This note is for lecture Lecture 6: Value Function Approximation.

Up until now, we have deduced several algorithms for both prediction and control, in theory. However, when applying them to practice, we have to face one challenge: the number of states or state-action pairs may be tremendously huge.

The most naive approach to implement those algorithms, in particular to represent value functions $v(s)$ and $q(s,a)$, is to build a lookup table. In reality, however, it is not applicable. For example, for game Backgammon we have roughly $10^{20}$ states, and $10^{170}$ states for the game Go. To make things worse, we have a continuous state space when training a helicopter.

A natural approach to resolve the issue is to build a model $\hat{v}(s;w)$ or $\hat{q}(s,a;w)$ parametrized by some parameters $w$ to approximate the true mapping $v(s)$ or $q(s,a)$.

One way to learn weights $w$ is to act as if it is a supervised learning problem. Now suppose some oracle has told us the true value function $v^{\pi}(s)$ for some policy $\pi$. Our target is to minimize the following loss:

$$L(w) = \mathbb{E}_{\pi}\left[(v^{\pi}(S)-\hat{v}(S;w))^2\right]$$

How to minimize such loss with respect to $w$? Gradient descent! To be more specific, we calculate for some step size $\alpha$ $$\begin{aligned} \Delta w&=-\frac{1}{2}\alpha\nabla_w L(w)\\ &=\alpha\mathbb{E}_{\pi}\left[(v^{\pi}(S)-\hat{v}(S;w))\nabla_w \hat{v}(S;w)\right] \end{aligned}$$

However, it is impossible to calculate the actual expectation, so we have to compromise.
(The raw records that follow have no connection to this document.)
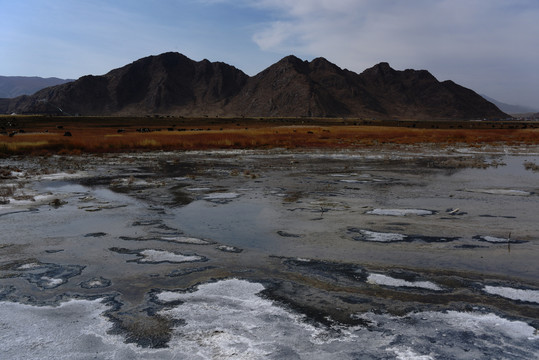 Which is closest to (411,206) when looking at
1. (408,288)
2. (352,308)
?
(408,288)

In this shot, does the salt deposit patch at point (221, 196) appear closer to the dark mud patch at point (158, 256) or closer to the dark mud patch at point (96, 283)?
the dark mud patch at point (158, 256)

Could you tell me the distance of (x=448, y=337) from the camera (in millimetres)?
5062

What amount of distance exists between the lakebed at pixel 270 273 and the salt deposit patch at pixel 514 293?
0.03m

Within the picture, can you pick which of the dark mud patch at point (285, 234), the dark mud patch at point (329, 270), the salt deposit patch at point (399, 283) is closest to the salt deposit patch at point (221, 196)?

The typically way to compromise is sampling.

Suppose we have sampled several steps according to policy $\pi$, and stored them in a set named *experience*, denoted by $\mathcal{D}$:

$$\mathcal{D}=\left\{(s_1, v^{\pi}_1),\dots,(s_n, v^{\pi}_n)\right\}$$

Now we have two ways to learn our parameters $w$ using the experience.

# Incremental Method

One way is to use the sample one by one sequentially, or say incrementally.

- for $t$ in $1\dots n$
- calculate $\Delta w=\alpha(v^{\pi}(s_t)-\hat{v}(s_t;w))\nabla_w \hat{v}(s_t;w)$
- $w\leftarrow w+\Delta w$

In practice, we may not need to sample the whole $\mathcal{D}$ in advance, but sample at the beginning of each step.

Obviously, there is a drawback of the incremental method: the samples are not utilized to their best. We sample one by one, and discard the previous sample immediately after updating the weights using it. This drawback encourages the so-called batch method.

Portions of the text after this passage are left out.